How to break into show business
Young entertainers get an inside scoop on surviving in the entertainment industry
What does it take to start and maintain a successful career in the entertainment industry? That was the question on the minds of students who filled Tomlinson Theater to get the inside scoop on how to break into and remain relevant in show business.
The first George and Joy Abbott Center for Musical Theater seminar, a collaborative colloquium between the Boyer College of Music and Dance and the School of Communications and Theater, brought together some of the biggest names in the business for an in-depth session on choreography, make up and more.
During the seminar, selected theater, dance and music majors presented recent projects to be critiqued by professionals in their field of study.
Hugh Panaro ’85 was among a panel of industry professionals who gave feedback and fielded questions on everything from diction to finding your own voice.
“It’s very tempting to mimic your role model,” said Panaro. “When I first moved to New York I unconsciously went into every audition as Mandy Patinkin.”
He stuck with his Patinkin imitation until he came across an honest pianist who offered him some important advice.
“He told me ‘you do a really good Mandy, but if you want to get hired, figure out who you are and what you can bring to the table.’ That’s when it clicked for me, that’s when I decided to be the most authentic version of myself,” said Panaro.
Currently playing the lead in a Broadway production of Phantom of the Opera, Panaro was nominated for an Outer Critics Circle Award for his performance in the title role of Elton John’s Lestat, based on Anne Rice’s Vampire Chronicles. He made his Broadway debut as Marius in the original production of Les Misérables and created the roles of Buddy in Side Show and Julian Craster in Jule Styne’s The Red Shoes.
He received Philadelphia’s Barrymore Award for his performance as Jean Valjean in Les Misérables at the Walnut Street Theatre and was recently nominated for his performance as Fagin in Oliver.
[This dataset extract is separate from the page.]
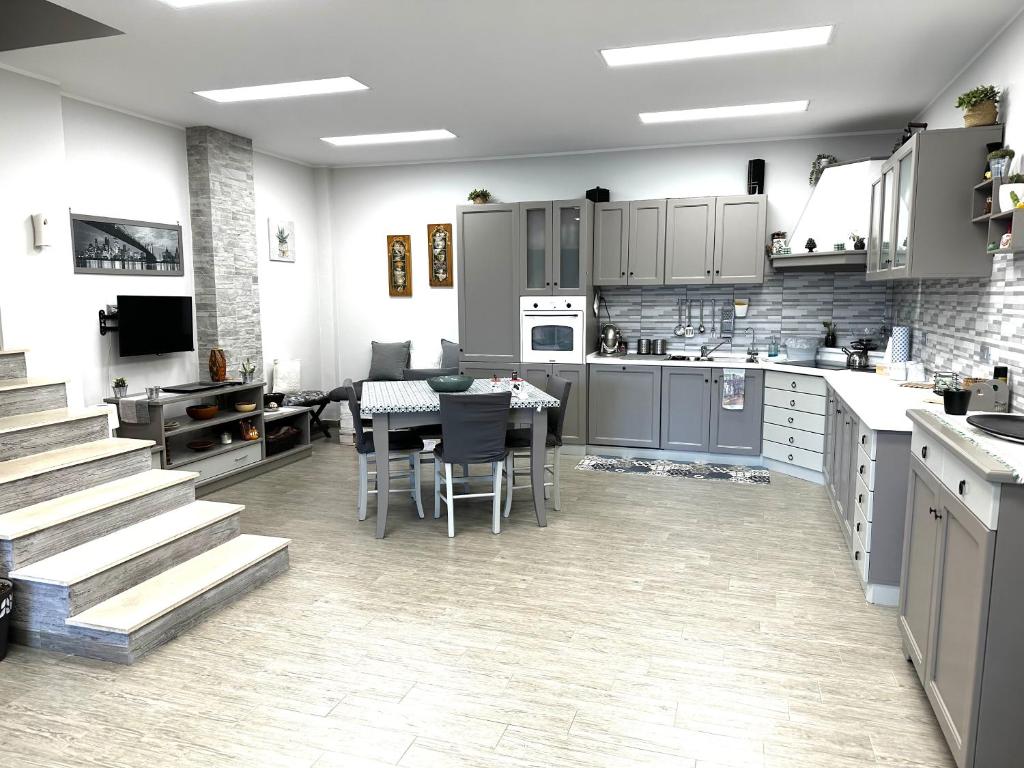 a kitchen with a table and chairs in a kitchen at Le Mandorle Apartment in Belpasso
Other participants in the seminar included Clifford Schwartz, SCT ’80, Angelina Avallone, Thomas Kail, and Jonathan Stuart Cerullo
In 2008, Joy Abbott bequeathed her ownership share of rights and future royalties earned by theater productions authored by her late husband George — which include famous titles such as The Pajama Game, Damn Yankees, On Your Toes and The Boys From Syracuse — as well as other selected memorabilia to the Boyer College of Music and Dance.
The bequest, which is currently valued at a minimum of $6 million, served as the lead gift in establishing the new “George and Joy Abbott Center for Musical Theater” at Temple University.